En el primer Simposio Josefológico Internacional el teólogo italiano carmelita Anastasio del Santísimo Rosario, que es ahora el cardenal arzobispo de Turín, [Ballestrero], afirmó: «San José era un laico, en el sentido más propio de la palabra».

Se trata de una afirmación fundamentada, y en cierto sentido, evidente. José no pertenecía al linaje sacerdotal, a la tribu de Aarón y Leví, sino a la casa de David y a la tribu de Judá. Como explica san Pablo en la epístola a los Hebreos el sacerdocio eterno y definitivo prometido a Jesucristo, el descendiente del rey David, es totalmente nuevo y diverso del sacerdocio del Antiguo Testamento, el concedido a la tribu levítica.

Como hijo de David, José es el transmisor de la herencia prometida y en Jesús se realizaría el nuevo sacerdocio.
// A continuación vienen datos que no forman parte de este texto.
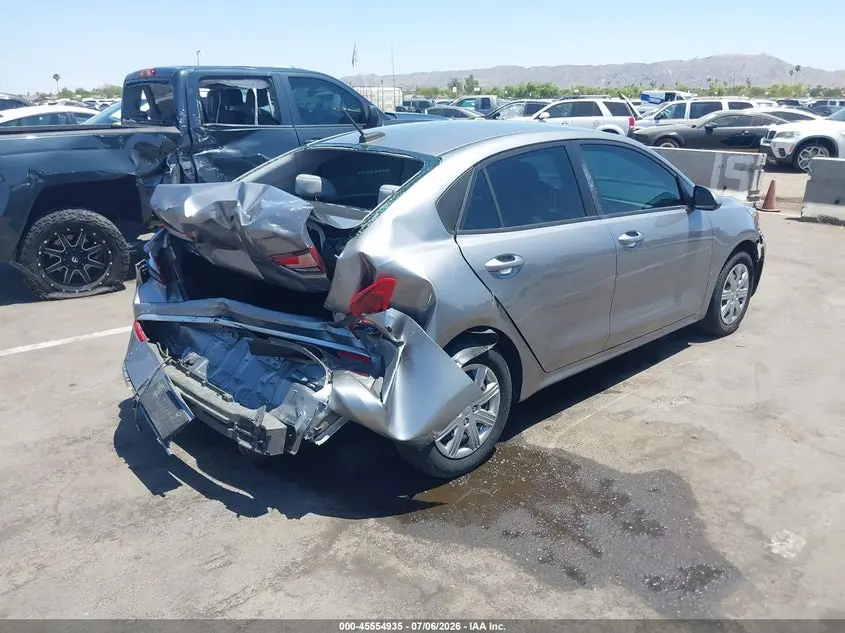 2023 KIA RIO S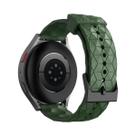 Pulseira De Silicone De 22mm Para Smartwatch NORTH EDGE APACHE-46, Acessórios Para Pulseira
De este sacerdocio participaríamos diversamente todos los cristianos, como miembros del pueblo sacerdotal, del linaje escogido, y los «ministros», partícipes del poder de Cristo y renovadores en el sacrificio eucarístico, del único sacrificio de la Cruz.

José, que no perteneció al sacerdocio del Antiguo Testamento, no fue tampoco participe del ministerio del sacrificio y de la predicación de la palabra de Dios. Cuando Cristo constituye a los Apóstoles dándoles el poder de perdonar pecados, de enseñar en su nombre a todas las naciones, de realizar el sacrificio eucarístico, parece cierto que José había ya muerto.

En todo caso, es clarísimo que José no tiene misión apostólica ni es «sacerdote en sentido de ministro del altar». Como no fue en el Antiguo Testamento sacerdote, tampoco lo es en el Nuevo, en cuanto al sacerdocio jerárquico y ministerial. No sirvió al altar en el antiguo Templo ni predicó el Evangelio, ni absolvió a los pecadores, ni consagró el Cuerpo del Señor, en la Nueva Alianza.

San José, de quién las narraciones evangélicas no nos refieren palabra alguna, sino sólo las obras en las que pone en práctica lo que la palabra de Dios comunicada por los ángeles le dice, no fue tampoco profeta, al modo de Juan Bautista, el mayor de los profetas de la Antigua Alianza y el precursor del Señor. José no dijo a los hombres, con anuncio público profético o apostólico: «Éste es el Mesías que esperabais». «Éste es el Cordero de Dios».

José era un laico, es decir, pertenecía simplemente al «pueblo», y no al ministerio de autoridad y de enseñanza, o de potestad jerárquica y sacramental. Fue esposo, de modo singular, virginal y misterioso, tipo en esto ya del propio Cristo, Esposo de la Iglesia; y fue padre, misteriosa y virginalmente, por designio divino, del propio Hijo de Dios. Pero su servicio a los misterios de la salvación que, según se expresa en la oración litúrgica actual, le fueron confiados en sus inicios, consistió en una tarea no de carácter público, en el plano de la enseñanza y de la autoridad, sino familiar, doméstico, diríamos casero y cotidiano.

Es importante darse cuenta de que José, asociado a María la Virgen Madre de Dios en este servicio al Verbo encarnado, tuvo un oficio o misión que el papa Pío IX advertía que había de considerarse más alto y excelente que el del profeta Juan Bautista o los de los apóstoles Pedro y Pablo.

Para cumplir este oficio Dios le comunicó gracias, por las que José ha de ser considerado como ocupando la cima de la santidad, por encima de los demás santos, y solo teniendo por encima de él a María y a la fuente de toda santidad, Jesús, el Hijo de Dios encarnado.

Si meditamos en el hecho de la pertenencia de José al «Pueblo de Dios» como «laico», sentiremos mejor la absoluta primacía de la santidad –que consiste en el fiel y humilde cumplimiento de la voluntad de Dios, sirviéndole y amándole, y sirviendo desde su amor a los hombres a los que Cristo vino a redimir– sobre todo ministerio jerárquico, sobre toda función de potestad, sobre todo carisma y sobre todo anuncio público por la palabra. Apóstoles y profetas, sacerdotes y religiosos, obispos y Papa, alcanzan la vida eterna si cumplen la voluntad de Dios, pero este único camino lo podemos seguir también los laicos.

El «laico» José nos puede hacer entender con su ejemplo, y para ello hemos de pedir su intercesión, la sencilla y profunda verdad de la esencia de la vida cristiana y de la santidad: «Hágase en nosotros, Señor, tu voluntad».